I've just reread the piece I'm writing for my bookchat post in the Hastings Online Times tomorrow and I like the way it flows. It's about flash fiction. Stops and starts with satisfying rhythms. As I change it to make it better - that's what I'm trying to do. Yes, I'm putting in a new piece of information or a new idea but I'm trying to insert them in a way that makes the piece a pleasure to read/ listen to/ or to speak out loud. Even if I don't succeed (and I never do totally succeed) at least I know what I'm aiming for. And I'm enjoying writing.

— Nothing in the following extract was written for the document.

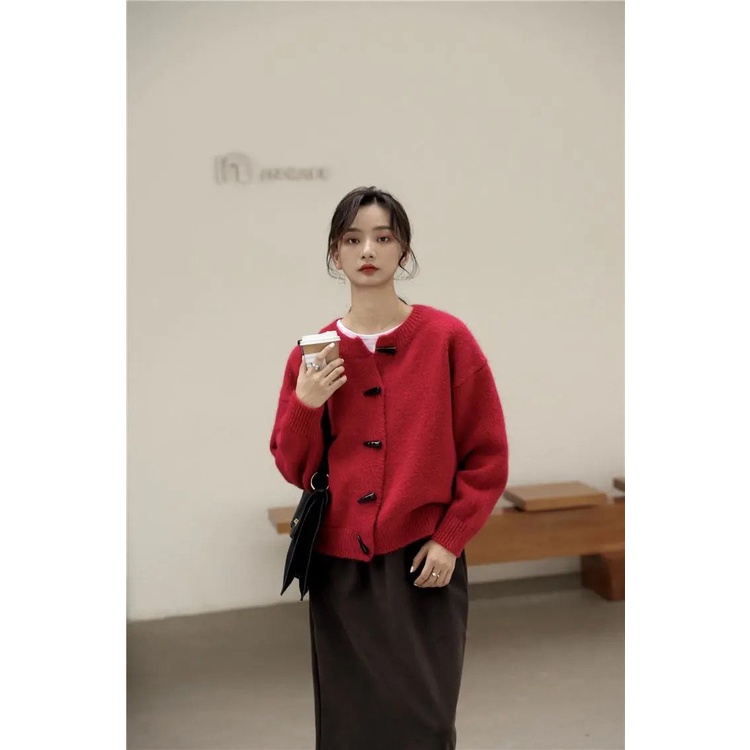 Áo khoác cardigan dệt kim phối nút sừng thời trang Hàn Quốc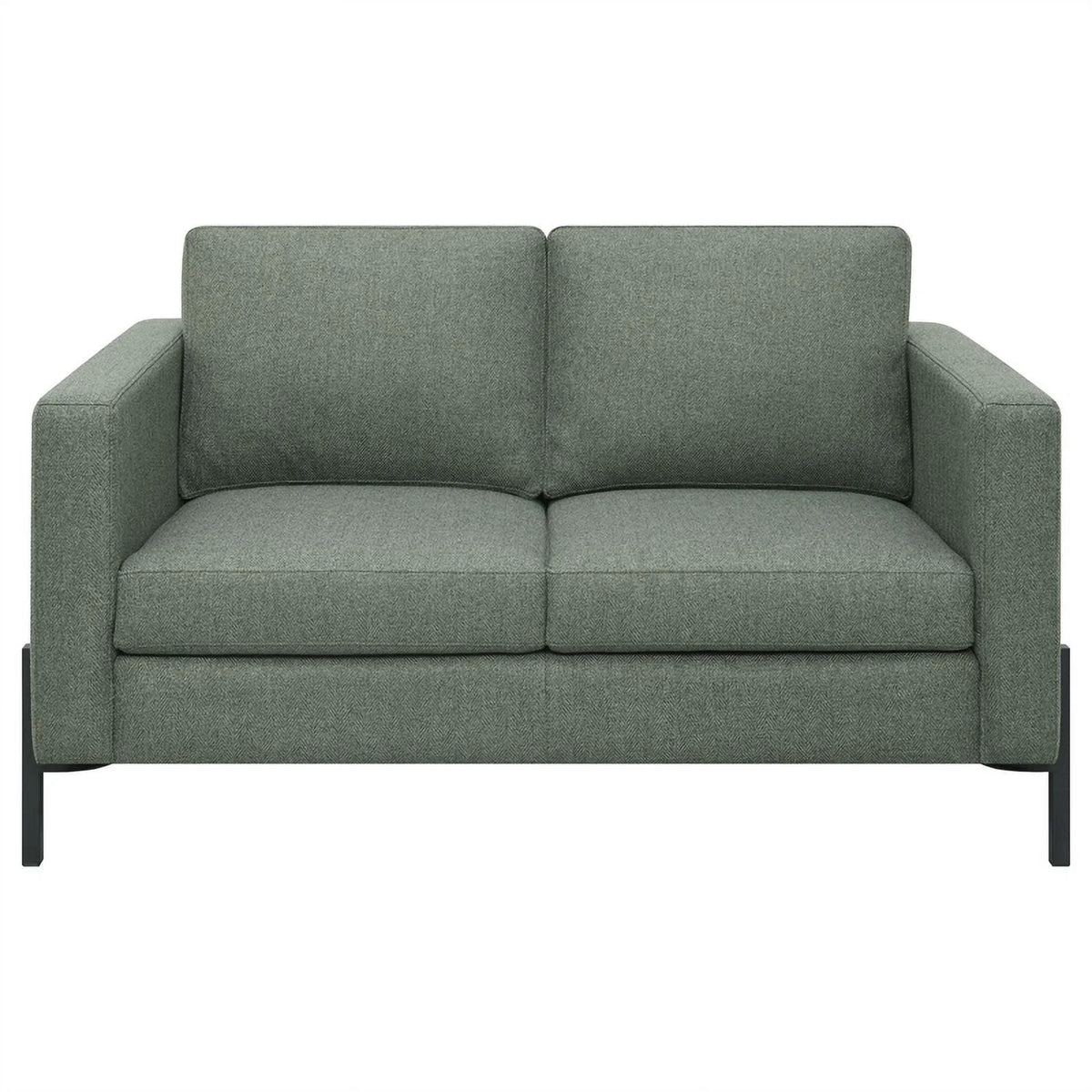Sage Upholstered Fabric Loveseat with Track Arms I5663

No wonder Audible is doing so well - and all those stories that work when they are read out loud. Back to the beginning, I say. That's how our stories started and actually, it's how they are represented in the brain. When we read, no matter how fast, we produce an audible signal for each word. Even deaf people do that and if we haven't got an audible signal for something then we can't include it. Can't integrate or make sense of it.
And don't get me started on rhythms. If you can get your readers to synchronise with your beat then you are together. Hearts beating as one. Literally.

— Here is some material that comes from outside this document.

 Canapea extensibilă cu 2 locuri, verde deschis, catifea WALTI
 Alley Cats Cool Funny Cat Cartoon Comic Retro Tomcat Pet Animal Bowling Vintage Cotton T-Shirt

I want my writing to be easy to read and to sound good. I want it to be comfortable most of the time but jolty every so often. I want it to give pleasure. I want it to linger and unfold. Probably won't get there but I'll keep trying. Every piece of prose should be a poem. Even a novel. Especially a novel. What do you think? I wonder who you are and what you're thinking while you read this.
The danger is that you can get so carried away with the sound and the rhythms that you lose the meaning. Imagine a woman sitting on her doorstep wailing a song. No words. Just sounds. Words long gone so definitely a shape of something but you can't listen forever (although she might go on singing long after you've passed by).